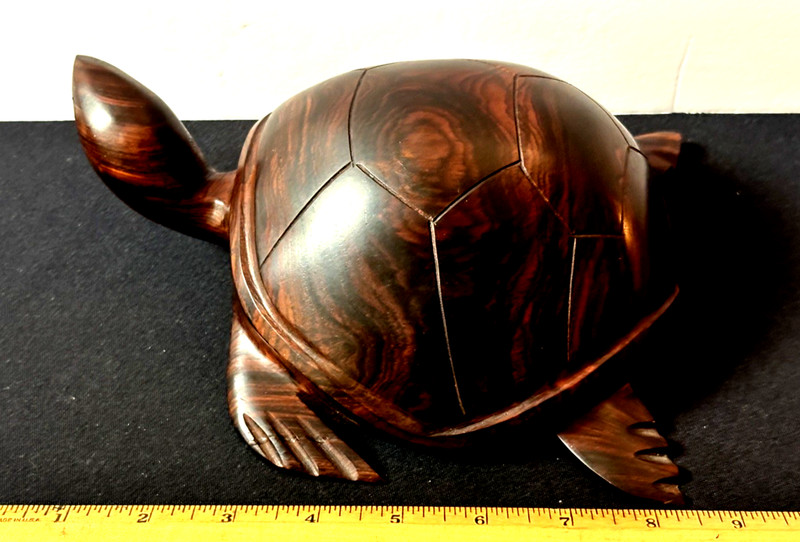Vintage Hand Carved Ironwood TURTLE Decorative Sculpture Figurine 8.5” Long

-.-.-

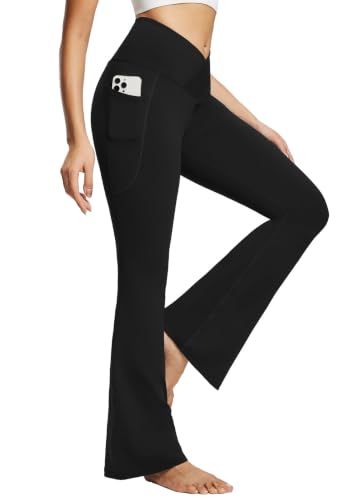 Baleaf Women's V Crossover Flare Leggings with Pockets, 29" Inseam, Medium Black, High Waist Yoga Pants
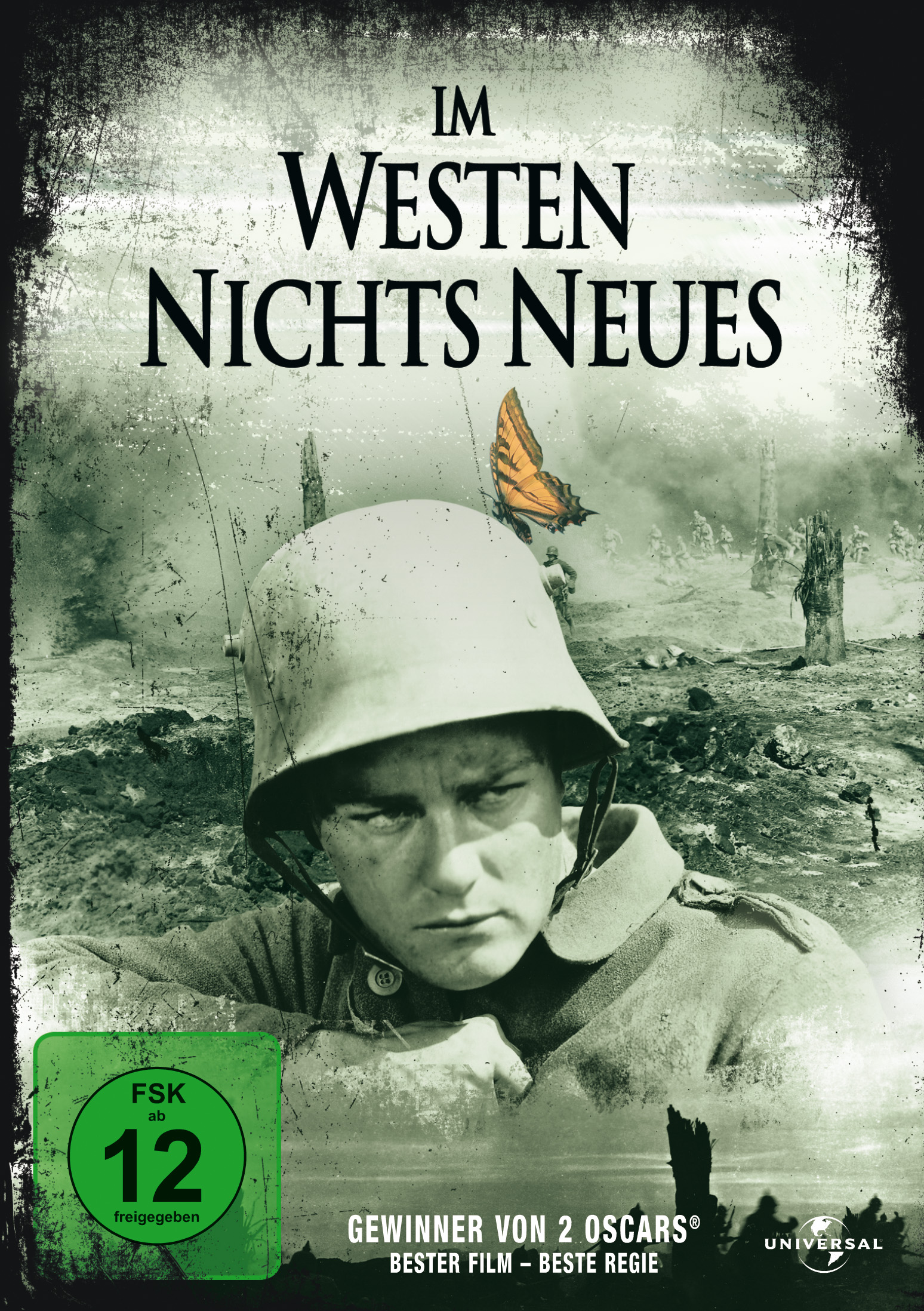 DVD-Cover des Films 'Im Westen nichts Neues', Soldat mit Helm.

-.-.-

Brief → Above are some records. Output exactly the lines from the one that contains "Baleaf Women's V" to the one that contains "DVD-Cover des Films", keeping both, and omit the pictures.

Answer space →
 Baleaf Women's V Crossover Flare Leggings with Pockets, 29" Inseam, Medium Black, High Waist Yoga Pants
 DVD-Cover des Films 'Im Westen nichts Neues', Soldat mit Helm.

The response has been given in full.